— Requirement —
The word "more" marks the lines to keep; find each one in the data and copy it.

— Data extracts —
----------
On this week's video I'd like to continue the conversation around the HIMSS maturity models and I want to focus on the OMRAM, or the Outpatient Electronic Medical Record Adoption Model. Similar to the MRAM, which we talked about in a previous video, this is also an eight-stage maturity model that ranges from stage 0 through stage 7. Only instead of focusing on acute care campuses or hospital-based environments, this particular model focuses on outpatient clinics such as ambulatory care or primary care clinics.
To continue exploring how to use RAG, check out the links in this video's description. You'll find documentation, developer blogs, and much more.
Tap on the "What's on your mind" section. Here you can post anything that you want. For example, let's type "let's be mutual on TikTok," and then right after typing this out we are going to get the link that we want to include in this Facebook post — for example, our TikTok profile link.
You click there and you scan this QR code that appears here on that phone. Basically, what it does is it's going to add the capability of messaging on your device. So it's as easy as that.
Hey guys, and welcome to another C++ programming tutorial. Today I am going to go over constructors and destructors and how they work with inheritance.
----------
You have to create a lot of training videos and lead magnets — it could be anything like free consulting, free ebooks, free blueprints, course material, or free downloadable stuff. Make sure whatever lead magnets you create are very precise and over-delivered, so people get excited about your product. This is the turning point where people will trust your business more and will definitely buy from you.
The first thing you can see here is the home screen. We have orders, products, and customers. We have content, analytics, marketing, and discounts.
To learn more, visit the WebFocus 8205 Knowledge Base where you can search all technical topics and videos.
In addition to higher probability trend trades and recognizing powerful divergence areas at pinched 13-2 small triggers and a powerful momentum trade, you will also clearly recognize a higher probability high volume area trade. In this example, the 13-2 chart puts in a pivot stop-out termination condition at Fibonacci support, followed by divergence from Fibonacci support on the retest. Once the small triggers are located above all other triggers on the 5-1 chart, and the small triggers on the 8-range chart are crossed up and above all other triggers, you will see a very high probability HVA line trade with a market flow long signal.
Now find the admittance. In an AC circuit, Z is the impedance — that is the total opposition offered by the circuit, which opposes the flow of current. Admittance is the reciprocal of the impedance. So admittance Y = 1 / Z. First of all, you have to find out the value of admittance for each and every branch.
----------
— Answer space —
To continue exploring how to use RAG, check out the links in this video's description. You'll find documentation, developer blogs, and much more.
You have to create a lot of training videos and lead magnets — it could be anything like free consulting, free ebooks, free blueprints, course material, or free downloadable stuff. Make sure whatever lead magnets you create are very precise and over-delivered, so people get excited about your product. This is the turning point where people will trust your business more and will definitely buy from you.
To learn more, visit the WebFocus 8205 Knowledge Base where you can search all technical topics and videos.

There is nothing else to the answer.